This document is NOT completed. It was, at one point, cleaner, but I have been adding some issues that we need to resolve. So, I need to write a public release level ATE specification. MVO.

Objective

The ATE (ARTFL Text Encoding) specification is used for internal data representation by our new generation of ARTFL search and reporting software, PhiloLogic. We have determined that attempting to develop a large-scale text searching and analysis package that would treat raw SGML documents by reading DTDs and automatically building a single consistent data representation would be too costly and expensive. Thus, we had to specify a data representation that can reasonably represent a wide variety of textual features with a basic level of consistency across various documents. ATE is our first attempt to develop an encoding standard for use in PhiloLogic.

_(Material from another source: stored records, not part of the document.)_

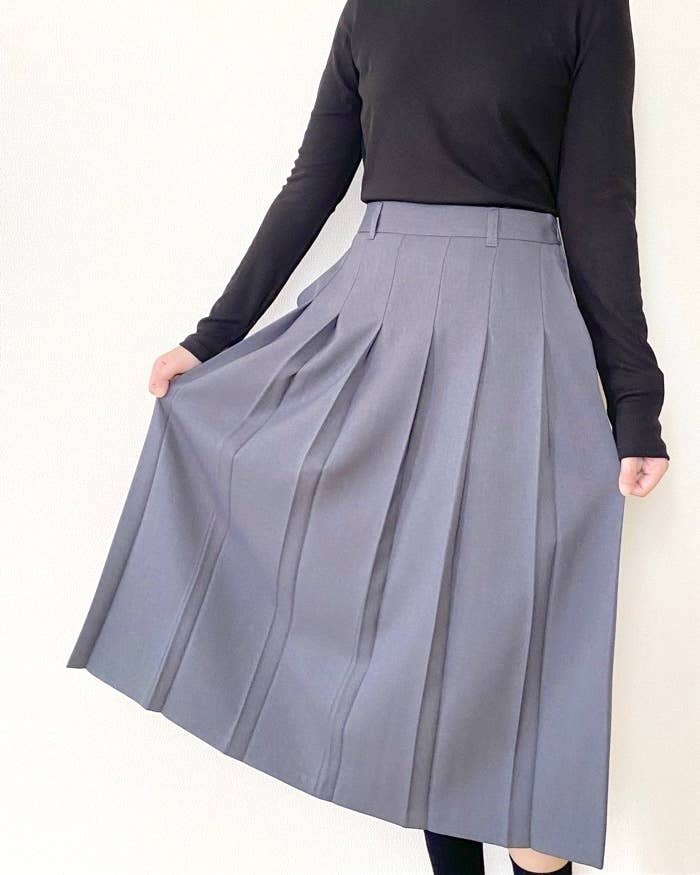 GU(ジーユー)のおすすめファッションアイテム「プリーツミディスカート」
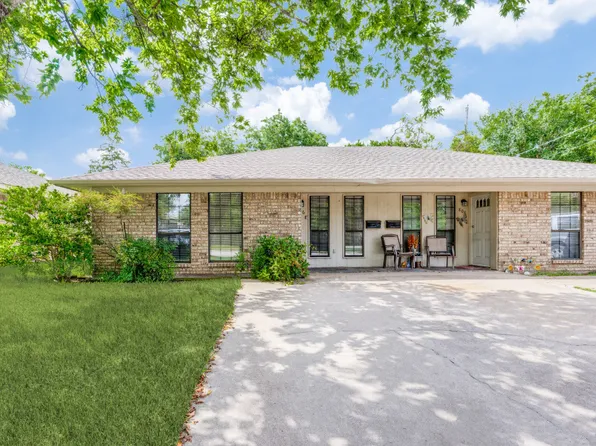 806 W Belden St, Sherman, TX 75092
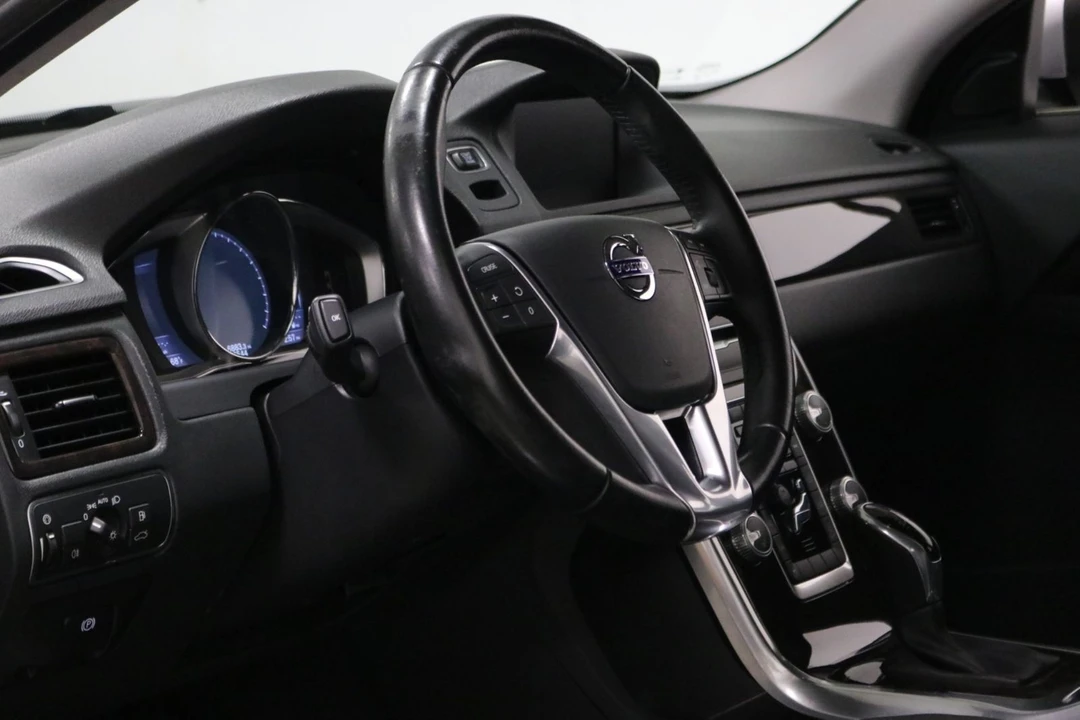 2016 Volvo XC70 3rd Gen - Image 11 of 12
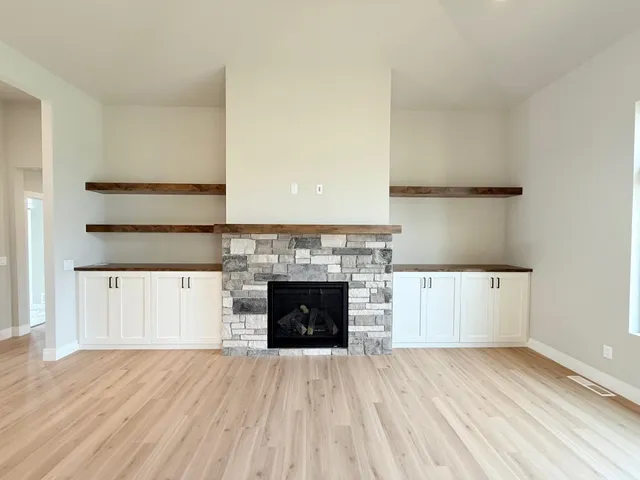 $1,299,000 | L142 Moll, Waunakee, WI 53597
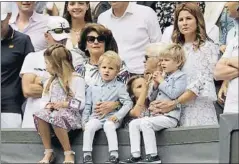  ?? FOTO: AP ?? Mrika Vavrinec y sus cuatro hijos con Roger, Myla, Charlene, Leo y Lenny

Rather than create "yet another standard", we decided that our internal data representation should leverage existing standards, whenever possible, and use standards that are simple, well documented, stable, and for which there are a large number of existing and free/inexpensive tools. We determined that the most effective representation is the combination of (unqualified) Dublin Core 1.0 metadata specification with very basic HTML. Very few extensions are currently optional to build ARTFL style databases: page identifiers, explicit sentence tags, and proper name tags, all of which may be omitted. PhiloLogic IGNORES completely ALL SGML tagging which we have not specifically described below. This allows compatibility with other systems in that you can pass tags blindly thru the system.

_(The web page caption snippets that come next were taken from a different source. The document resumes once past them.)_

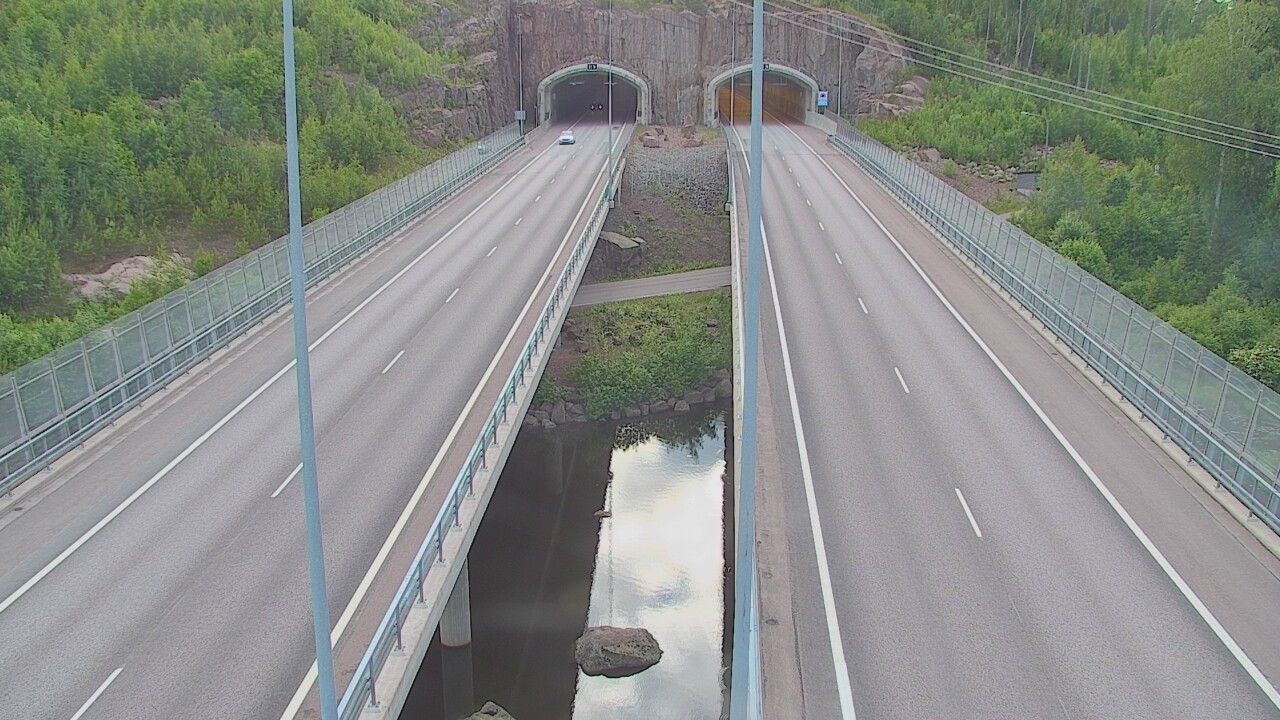 Weather Camera Image Road 7 Pyhtää Markkinamäki, suuaukko, east, Pyhtää, Kymenlaakso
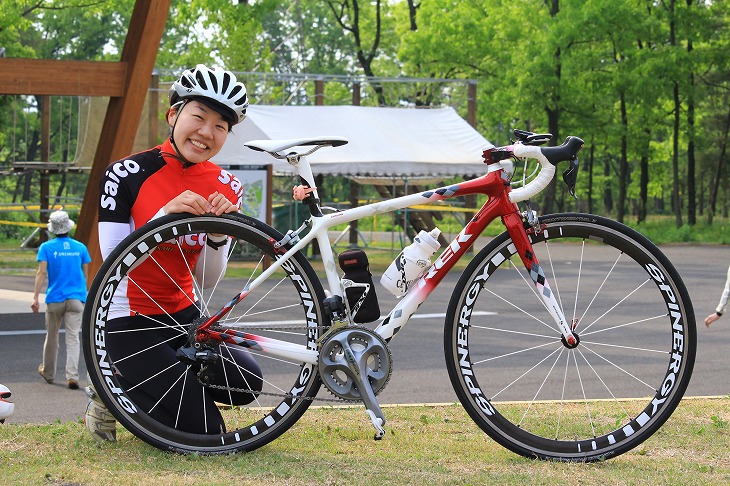 中村 智美さん（チームSaico）のTREK　Madone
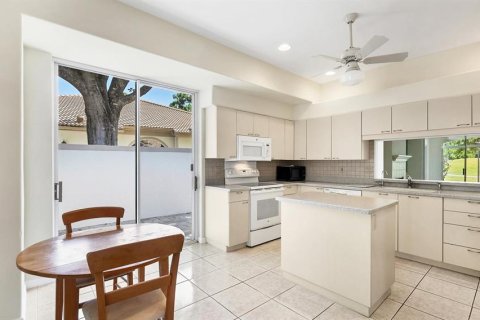 House in Sarasota, Florida 3 bedrooms, 179.12 sq.m. № 1629572 - photo 7
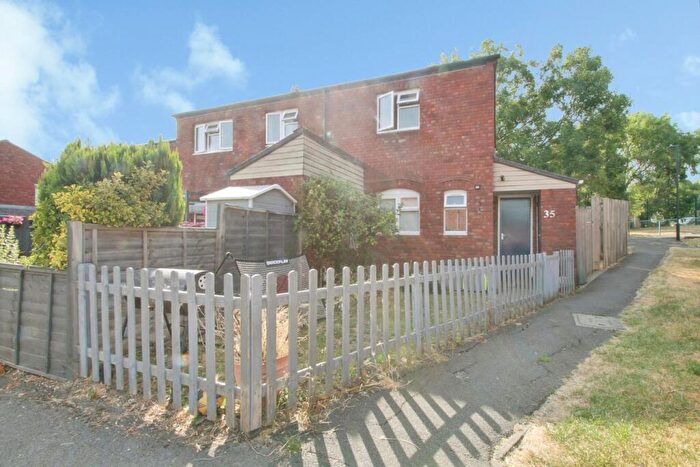 3 Bedroom Maisonette To Rent In Burton Way, Windsor, SL4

By using a very basic and well documented set of encoding specifications, design of PhiloLogic and ATE will allow users to build databases from different encoding schemes (see our SGML to ATE document LINK COMING), allow individuals to develop directly ATE compatible documents using existing tools, and allow us to use PhiloLogic to index arbitrary collections of HTML documents in a WWW space with minimal encoding and no modification. In contrast to the TEI and other specifications, which work from the top-down to provide an infrastructure for all possible encodings in a system independent fashion, ATE is system dependent and built from the bottom-up. We specify only tagging that we actually have in production or that we are planning to treat in PhiloLogic. Extensions to this basic specification will be, as always, completely optional and will use existing schemes, preferably TEI specifications, whenever possible.

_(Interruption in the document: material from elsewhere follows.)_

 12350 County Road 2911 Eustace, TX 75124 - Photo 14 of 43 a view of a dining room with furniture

We believe that a simple representation is sufficiently rich for the creation of complex databases and easily used by many scholars in environments with which they are already familiar.

ATE: Dublin Core Header

We selected the Dublin Core specification because it is simple -- designed to be used by non-catalogers as well as resource description specialists -- interoperable across many domains, readily extensible, well supported, consistent with HTML documents, and is garnering international support. The simplicity and coverage allows us to map the kinds of bibliographic support that ARTFL has provided for years with an easy to manage encoding.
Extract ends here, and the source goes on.